- _Supplied material_:
>>>
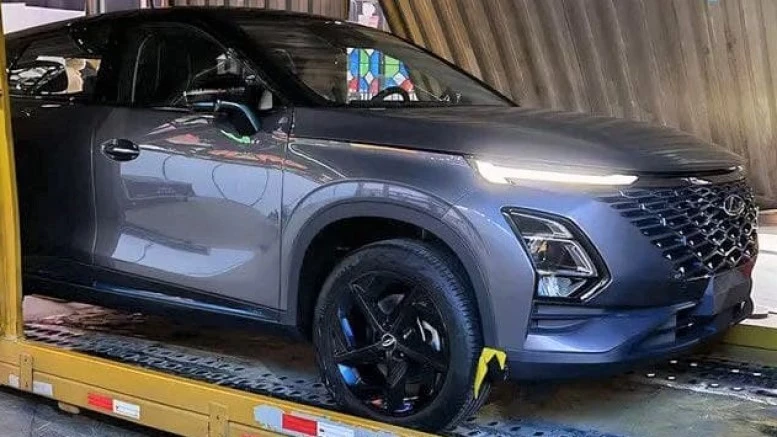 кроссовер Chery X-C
<<<
>>>
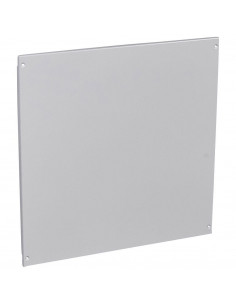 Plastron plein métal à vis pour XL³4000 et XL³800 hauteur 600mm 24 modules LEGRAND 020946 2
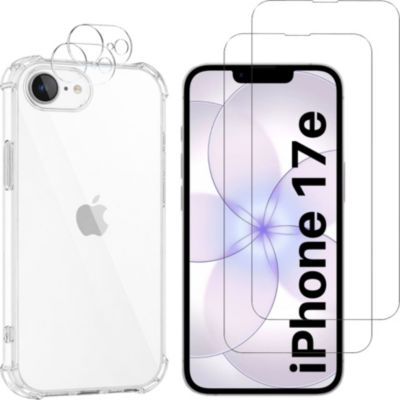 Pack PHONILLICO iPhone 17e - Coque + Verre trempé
<<<
- _The task_: Copy the listing above exactly, but only from the line with "Plastron plein métal" through the line with "Pack PHONILLICO iPhone", including those two lines and excluding any picture.

- _Response to this exercise_:
 Plastron plein métal à vis pour XL³4000 et XL³800 hauteur 600mm 24 modules LEGRAND 020946 2
 Pack PHONILLICO iPhone 17e - Coque + Verre trempé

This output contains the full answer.